Crawled caption data:
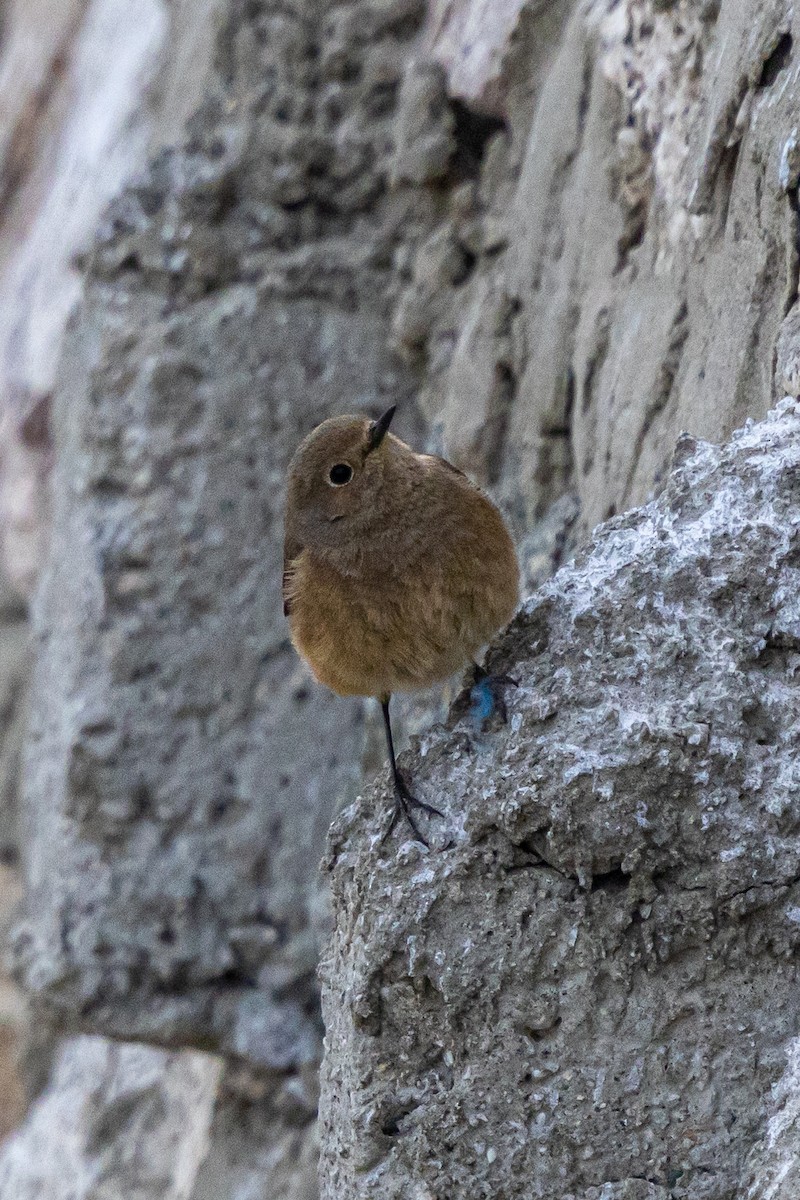 クロジョウビタキ - ML646889043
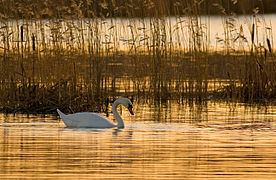 Cygnus olor (Mute Swan)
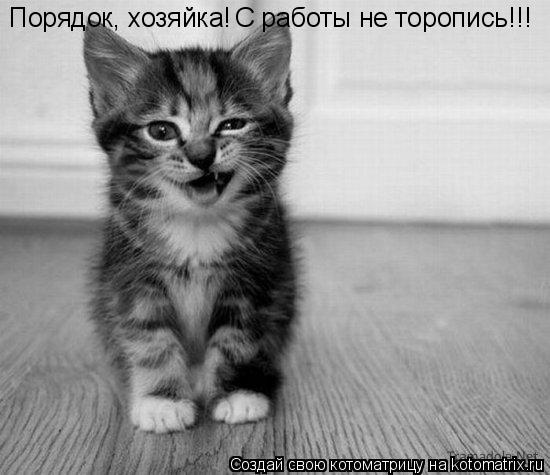 Котоматрица: Порядок, хозяйка! С работы не торопись!!!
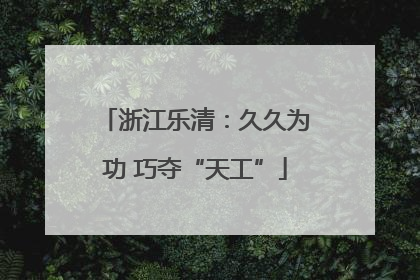 浙江乐清：久久为功 巧夺“天工”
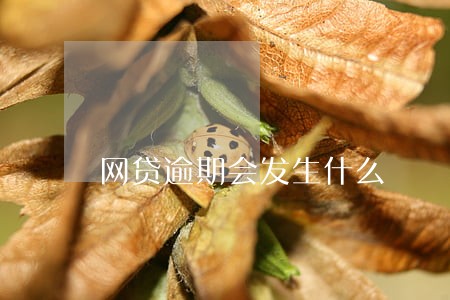网贷逾期会发生什么 网贷逾期会发生什么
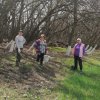 Весна – традиционное время наведения чистоты и порядка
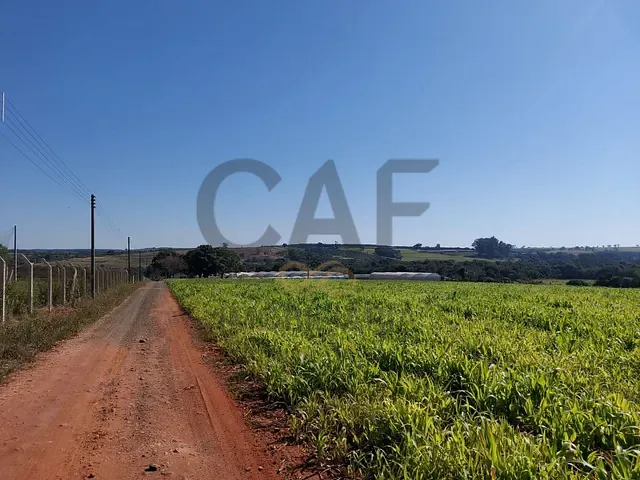 Sítio com 70000m² 2 quartos e 1 banheiro, à venda, no bairro Palmeirinha em Holambra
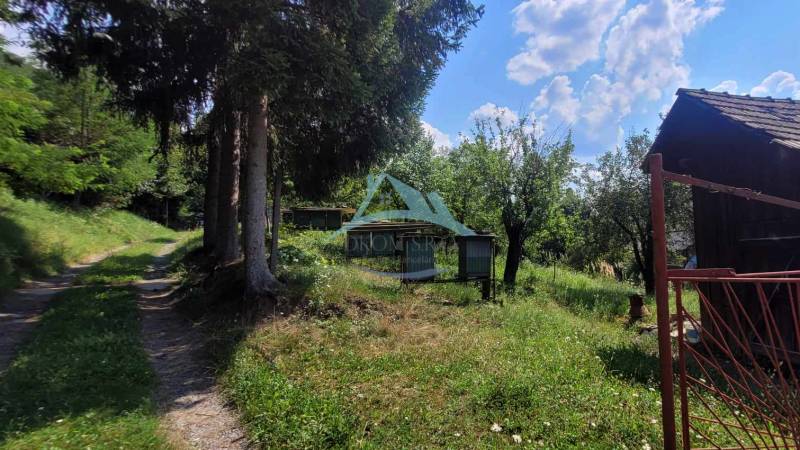 Rozsiahly pozemok (10 000m2)  priamo vo Veľkom Krtíši! - V tichej lokalite na ulici A.H. Škultétyho, zalesnené pozemky vhodné pre bývanie.
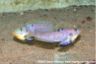 Enantiopus sp. "kilesa"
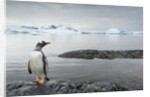 Gentoo penguin on Cuverville Island, Antarctica by Anonymous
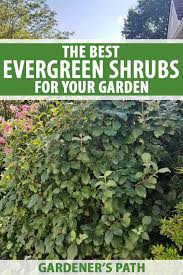 These are our best options in flowers, ferns, ground cover, and ornamental grass. The Best Evergreen Shrubs For Your Garden Gardener S Path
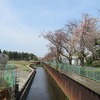 石神井川_集い橋周辺・・桜はちょっと遅かった・・（東京都練馬区）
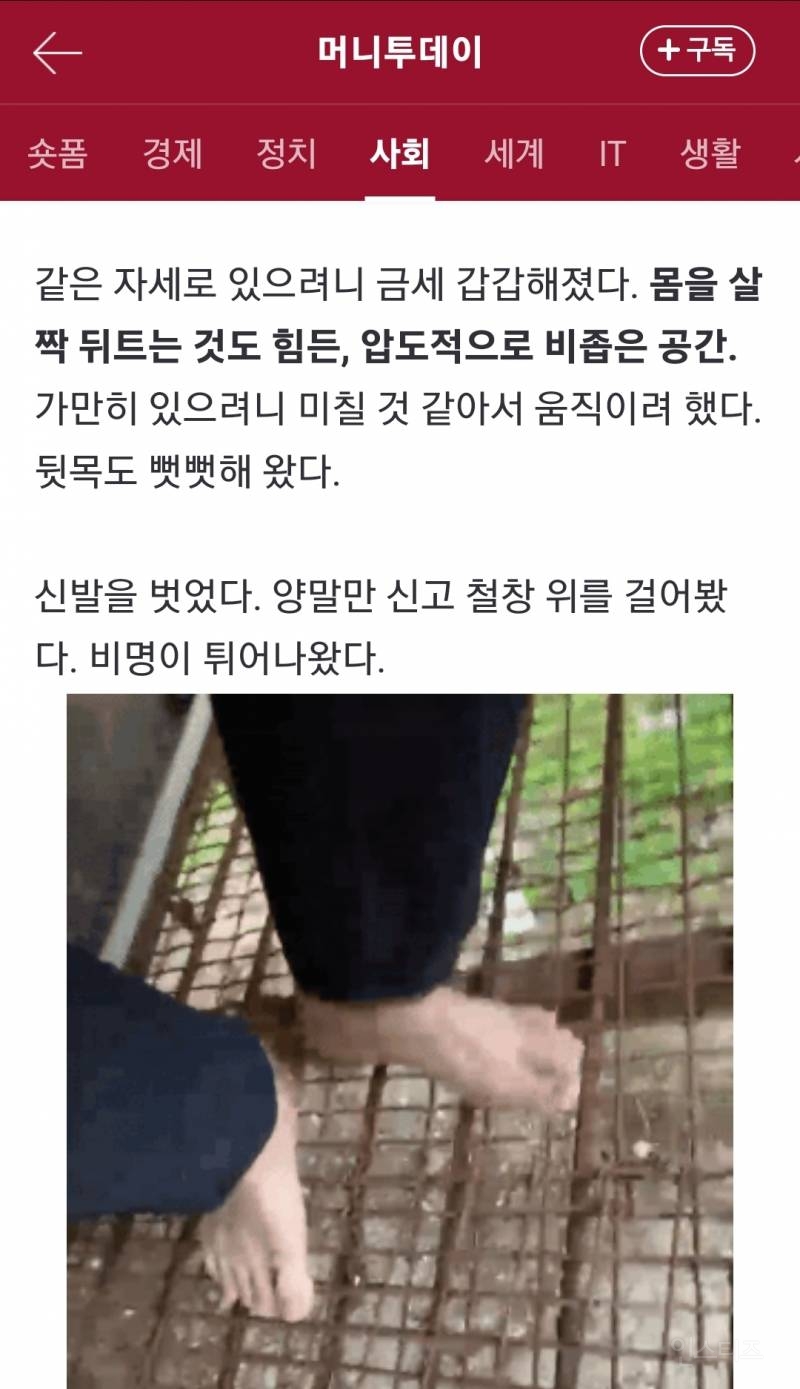 직접 '보신탕 개' 체험을 하며 음식물 쓰레기를 먹은 기자 | 인스티즈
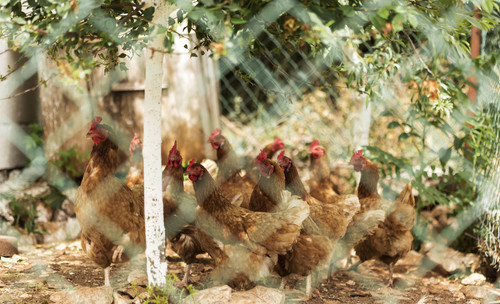 farm life concept with chickens fence.jpg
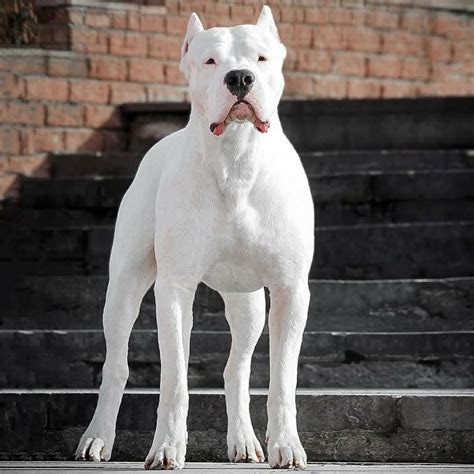 Dogo Argentino Animall24 Dog Breeds A To Z
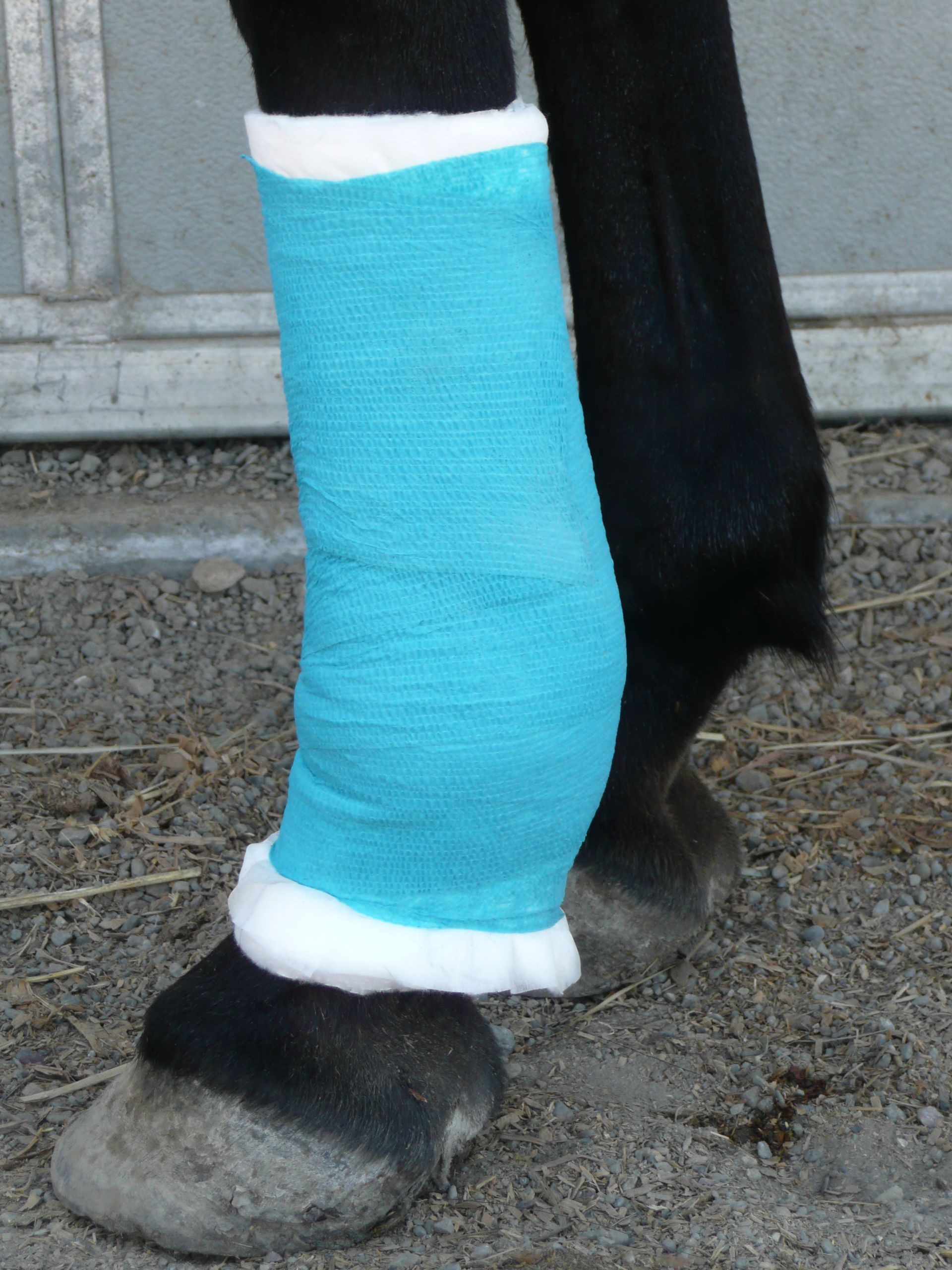 A person is wrapping a horse 's leg with a bandage.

Problem to work on: Every line from the one bearing "石神井川_集い橋周辺・・桜はちょっと遅かった・・（東京都練馬区）" through the end of the data above must be output exactly, and no picture may appear.

Solution to the problem:
 石神井川_集い橋周辺・・桜はちょっと遅かった・・（東京都練馬区）
 직접 '보신탕 개' 체험을 하며 음식물 쓰레기를 먹은 기자 | 인스티즈
 farm life concept with chickens fence.jpg
 Dogo Argentino Animall24 Dog Breeds A To Z
 A person is wrapping a horse 's leg with a bandage.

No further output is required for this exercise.